While it is not novel, Gamification in the last few years has gone mainstream throughout the workplace.
Indeed, by 2015, more than 50% of organizations that manage innovation processes will be using Gamification, according to a study released earlier this year by Gartner. By 2014, more than 70% of Global 2000 companies will have at least one gamified application.
According to Pod Design’s tracking data, the games the company has produced are played an average of roughly nine minutes, compared with a “few seconds” that users interact with banner ads, Curran said.
He said that within the B2B sector, Gamification can be used to help to educate the marketplace, build loyalty among existing customers, increase retention rates and motivate the sales force.
For example, Pod Design created on behalf of Veev Distillers a game-based sales training tool that employed a series of three mini-games that helped to educate the company's sales channels — such as regional distributors, managers and bar/restaurant employees — about the three key product attributes of the launch of their Veev Spirit and how to deliver the message to customers and prospects.
One of the applications is a "mixology memory" game that challenged players to read through a drink recipe and then virtually “mix” it from memory.
Pod Design created a game-based training tool for Veev Distillers that helps to educate the company’s sales channels about the liquor brand’s attributes.
As players progressed, each game revealed factoids about the brand and then quizzed users on those facts.

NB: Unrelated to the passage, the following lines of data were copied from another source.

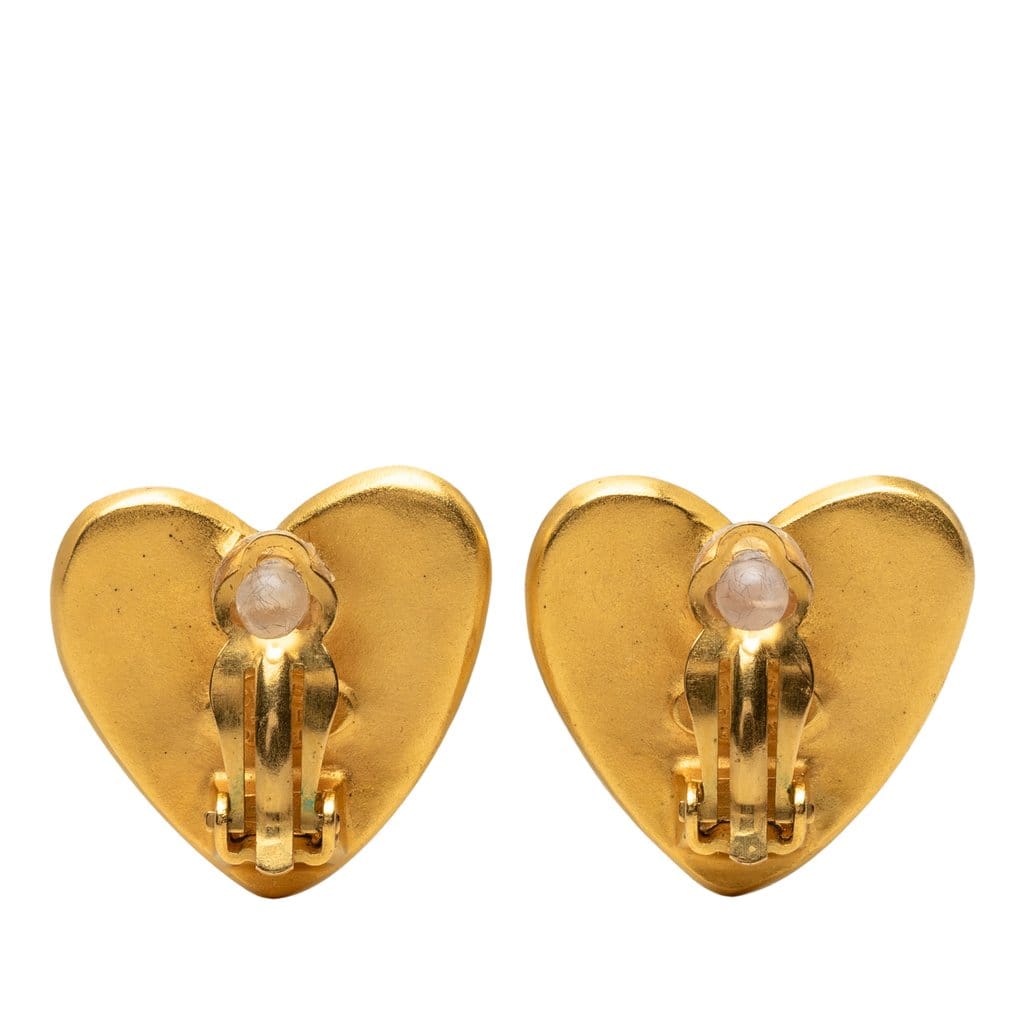 Chanel CC Gold Plated Heart Clip On Earrings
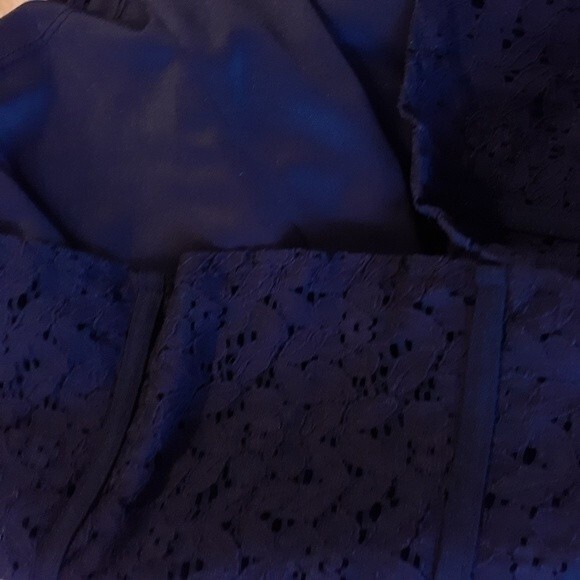 Sandra Darren dress black lace eyelet fitted cocktail dress 10 m party evening - Picture 9 of 12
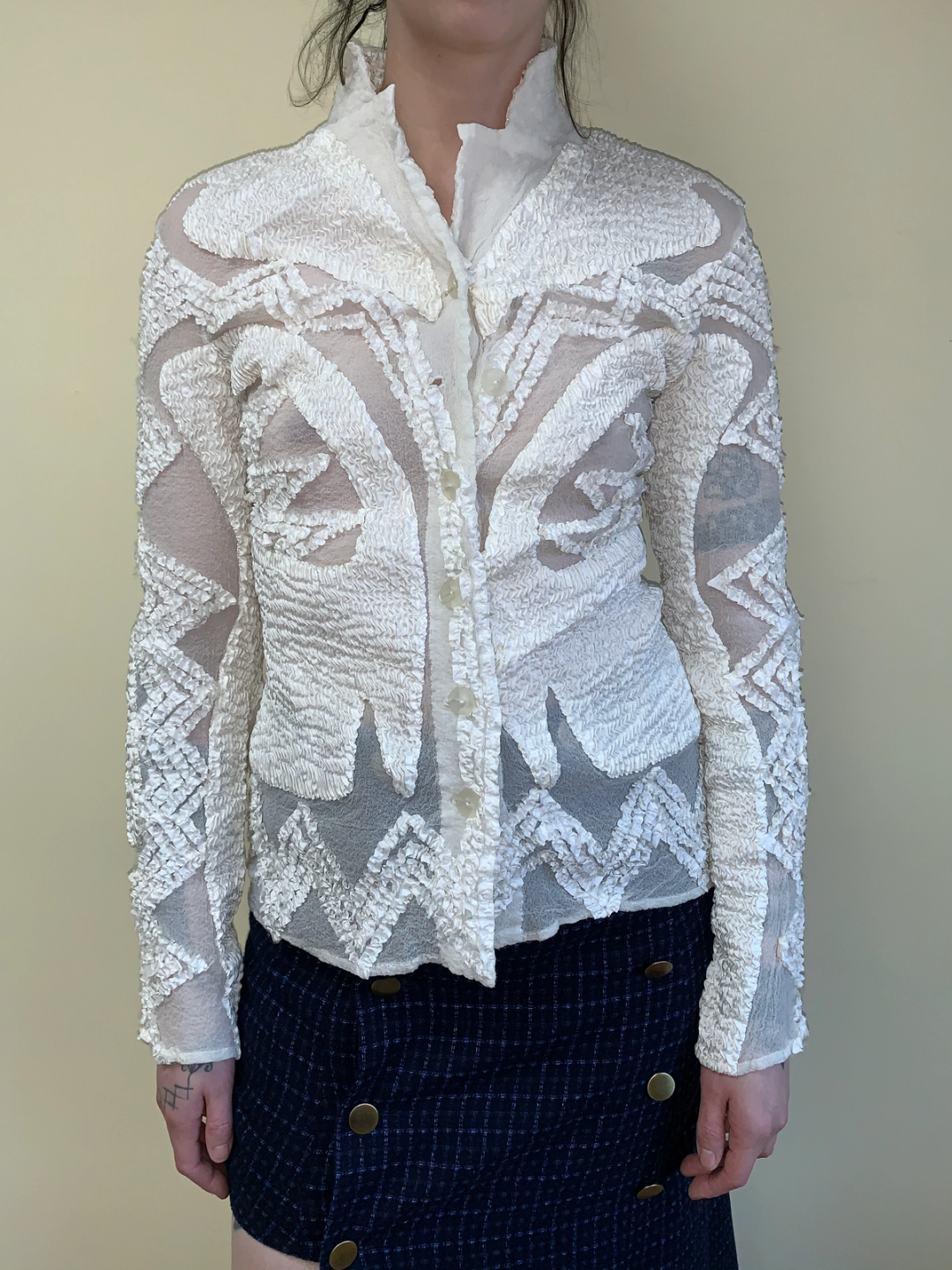 90s Yoshiki Hishinuma White Sculptural Top 90s Yoshiki Hishinuma White Sculptural Top
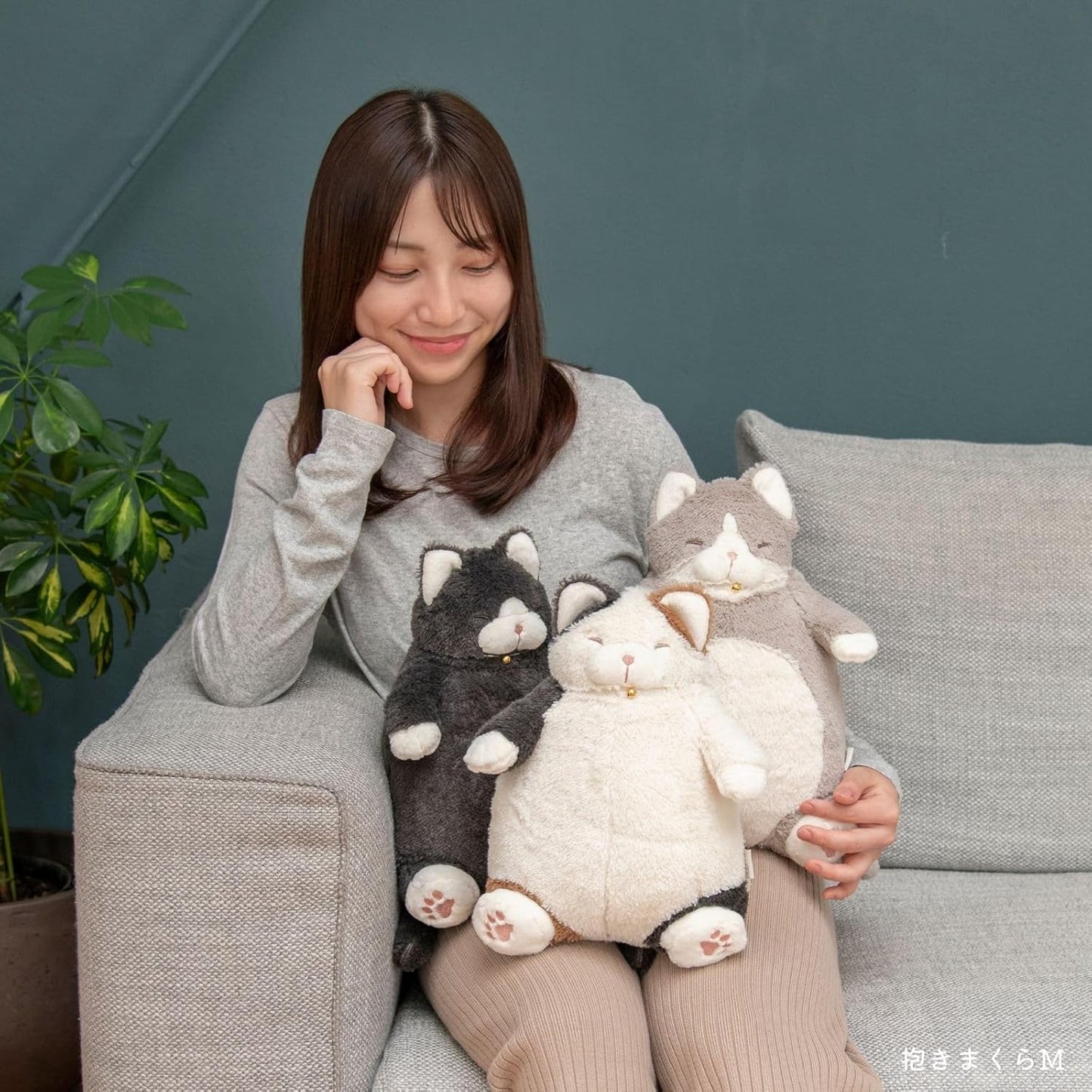 りぶはあと はちわれのかつお 抱き枕 ぬいぐるみ Mサイズ 全長約26cm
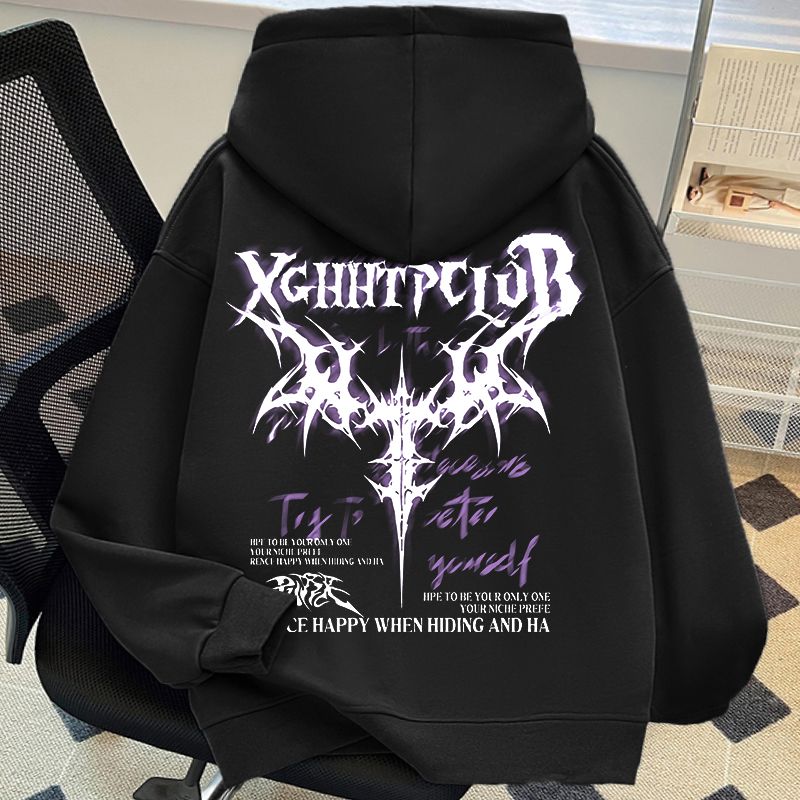 男童秋装高街潮牌连帽卫衣中大童初中生秋冬新款美式复古外套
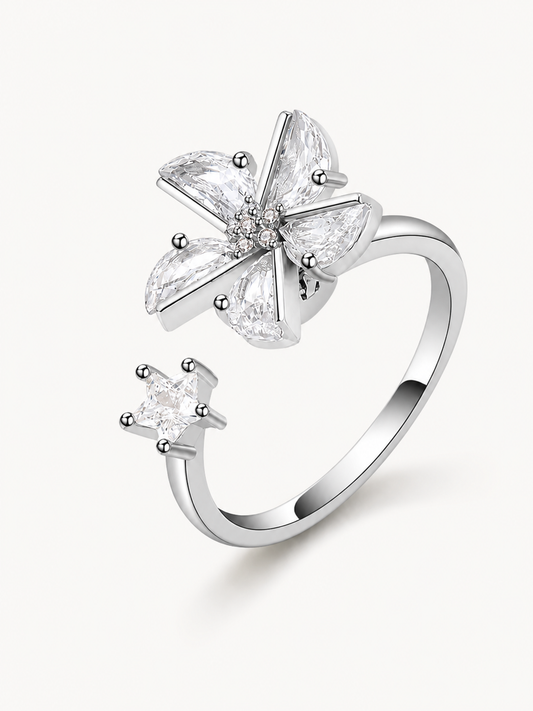 Ninfea Argento Anello Antistress Regolabile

Players that finished the game with highest scores were rewarded with prizes.
B2B marketers that want to invest in Gamification have two options on how to go to market, according to Curran.
The first option is to integrate Gamification into existing sales and marketing platforms, via such platforms as Bunchball and Badgeville, for lead-gen purposes. The second is option is to build a customized gaming platform into a Zynga-type game that can be used more as a branding effort.
“A custom solution is closer to a marketing effort, where it’s part of a B2B promotional campaign,” Curran said. “It allows the campaign to be more tailored to their products and services and directly to the hot buttons of that audience.”